Aug 12 10:08:11  ibr1.pit /kernel: ad1: timeout sending command=ca s=2c e=1d 
Aug 12 10:08:11  ibr1.pit /kernel: ad1: error executing command - resetting 
Aug 12 10:08:11  ibr1.pit /kernel: ata0: resetting devices .. 
Aug 12 10:08:11  ibr1.pit /kernel: ad1: timeout sending command=ca s=0d e=0d 
Aug 12 10:08:11  ibr1.pit /kernel: ad1: error executing command - resetting 
Aug 12 10:08:11  ibr1.pit /kernel: ata0: resetting devices .. 
Aug 12 10:08:11  ibr1.pit /kernel: ad1: timeout sending command=ca s=1f e=1f 
Aug 12 10:08:11  ibr1.pit /kernel: ad1: error executing command - resetting 
Aug 12 10:08:11  ibr1.pit /kernel: ata0: resetting devices .. 

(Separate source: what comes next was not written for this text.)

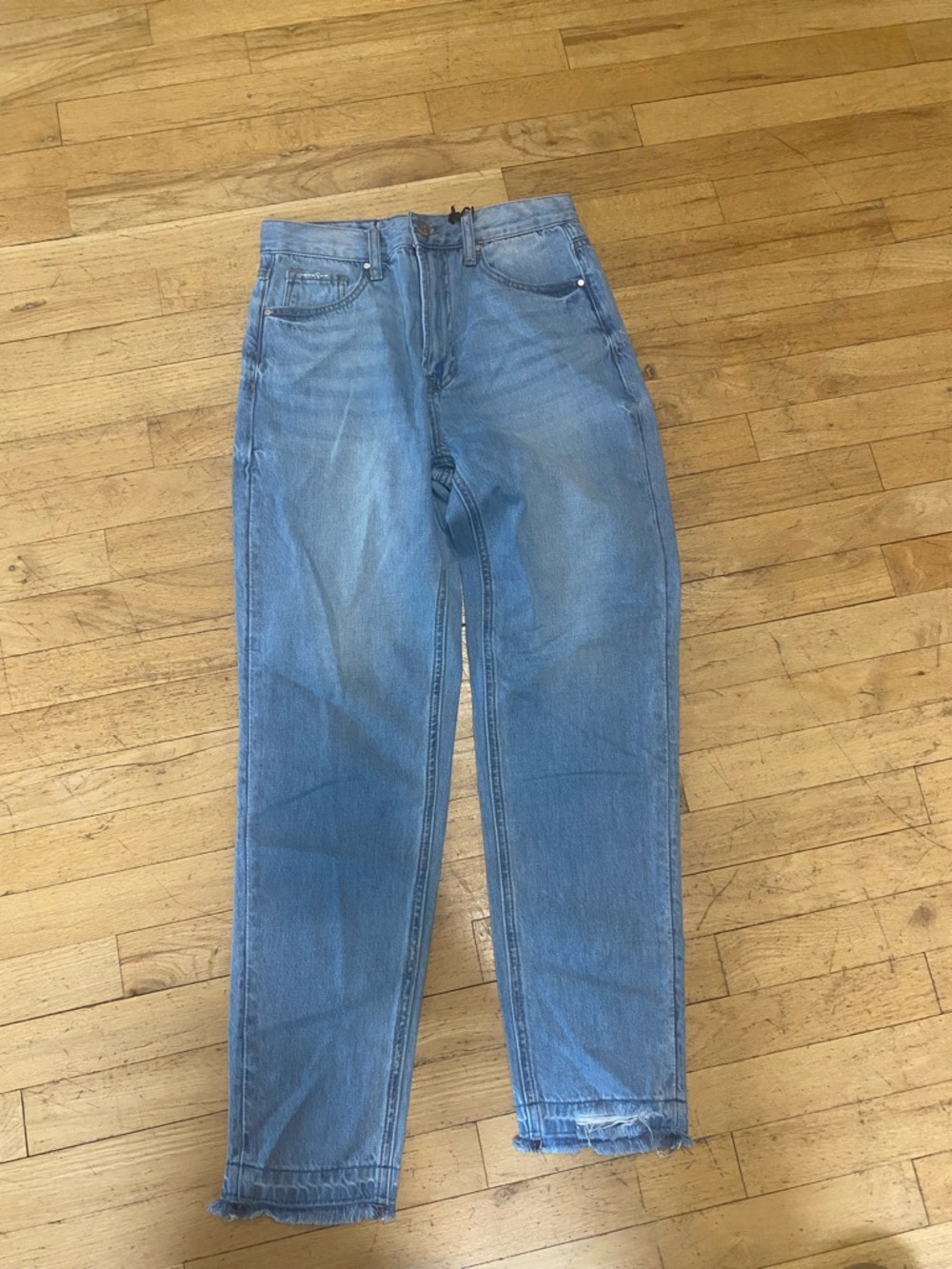 Insane gene hi rise girlfriend jeans. Size 5. ( 26) NWT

Aug 12 10:08:11  ibr1.pit /kernel: ad1: timeout sending command=ca s=00 e=1f 
Aug 12 10:08:11  ibr1.pit /kernel: ad1: error executing command - resetting 
Aug 12 10:08:11  ibr1.pit /kernel: ata0: resetting devices .. 
Aug 12 10:08:11  ibr1.pit /kernel: ad1: timeout sending command=ca s=0f e=0f 
Aug 12 10:08:11  ibr1.pit /kernel: ad1: error executing command - resetting 
Aug 12 10:08:11  ibr1.pit /kernel: ata0: resetting devices .. 
Aug 12 10:08:11  ibr1.pit /kernel: ad1: timeout sending command=ca s=20 e=0f 
Aug 12 10:08:11  ibr1.pit /kernel: ad1: error executing command - resetting 
Aug 12 10:08:11  ibr1.pit /kernel: ata0: resetting devices .. 
Aug 12 10:08:11  ibr1.pit /kernel: ad1: timeout sending command=ca s=01 e=01 
Aug 12 10:08:11  ibr1.pit /kernel: ad1: error executing command - resetting 
Aug 12 10:08:11  ibr1.pit /kernel: ata0: resetting devices .. 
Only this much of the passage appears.